=== Section Start ===

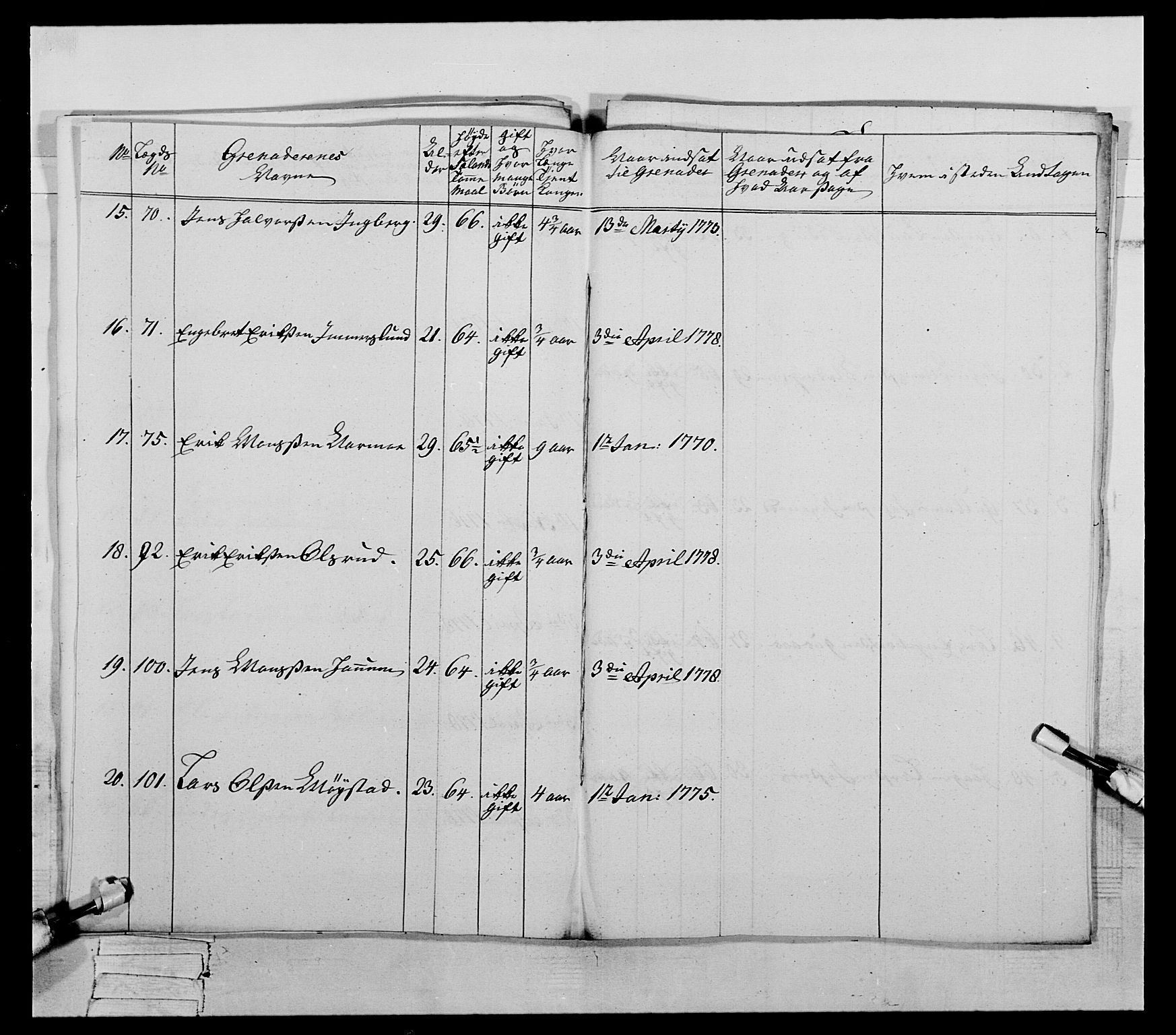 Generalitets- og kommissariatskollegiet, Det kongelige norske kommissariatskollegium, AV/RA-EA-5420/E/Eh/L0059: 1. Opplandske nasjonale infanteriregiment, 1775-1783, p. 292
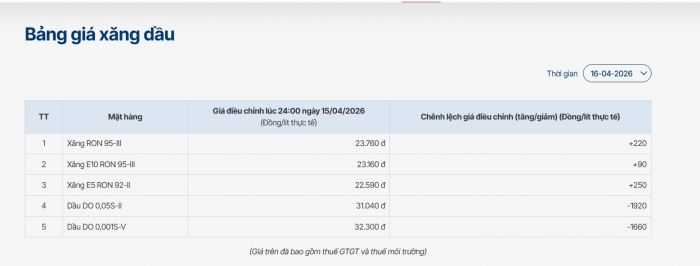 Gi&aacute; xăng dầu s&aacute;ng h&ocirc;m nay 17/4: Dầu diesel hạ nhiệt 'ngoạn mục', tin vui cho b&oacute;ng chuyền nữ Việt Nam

=== Section End ===
=== Section Start ===

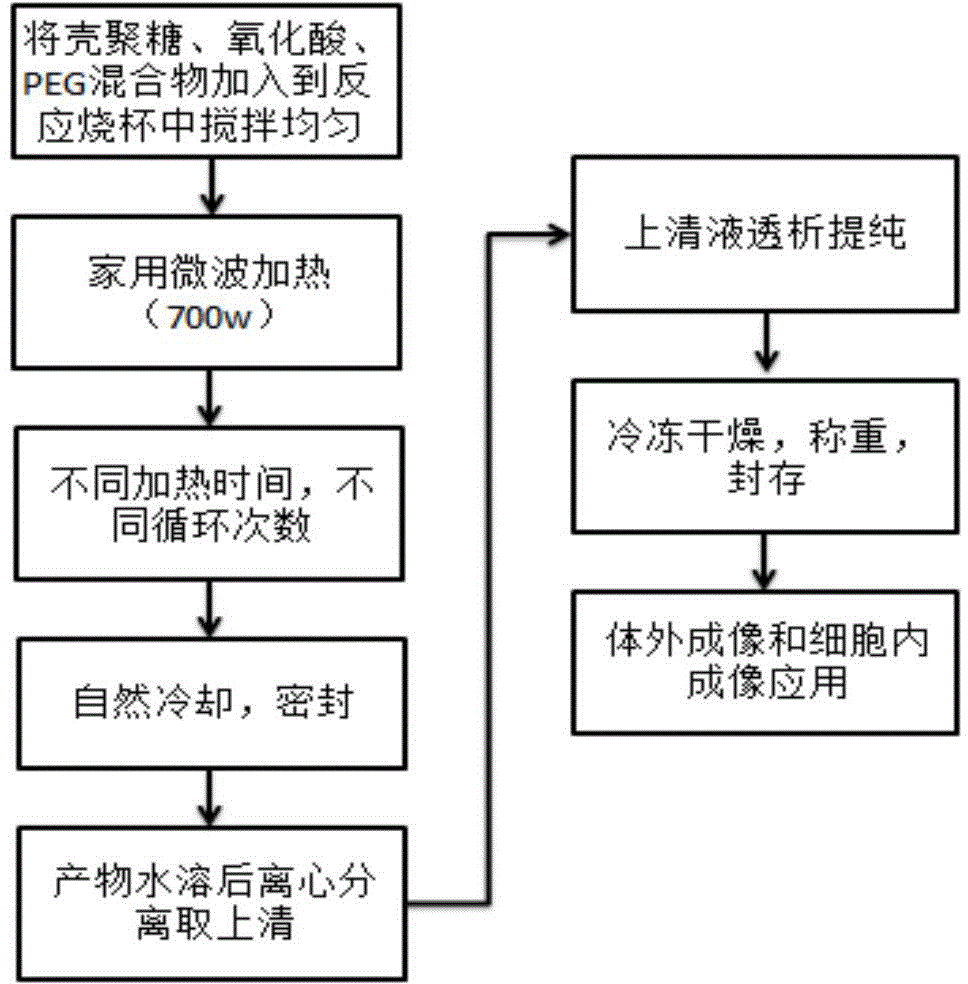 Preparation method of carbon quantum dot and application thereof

=== Section End ===

Task goal ▸ Write out word for word the lines above that run from the one with "Generalitets- og kommissariatskollegiet, Det" to the one with "Gi&aacute; xăng dầu". Include both end lines; exclude the images.

Solved problem ▸
 Generalitets- og kommissariatskollegiet, Det kongelige norske kommissariatskollegium, AV/RA-EA-5420/E/Eh/L0059: 1. Opplandske nasjonale infanteriregiment, 1775-1783, p. 292
 Gi&aacute; xăng dầu s&aacute;ng h&ocirc;m nay 17/4: Dầu diesel hạ nhiệt 'ngoạn mục', tin vui cho b&oacute;ng chuyền nữ Việt Nam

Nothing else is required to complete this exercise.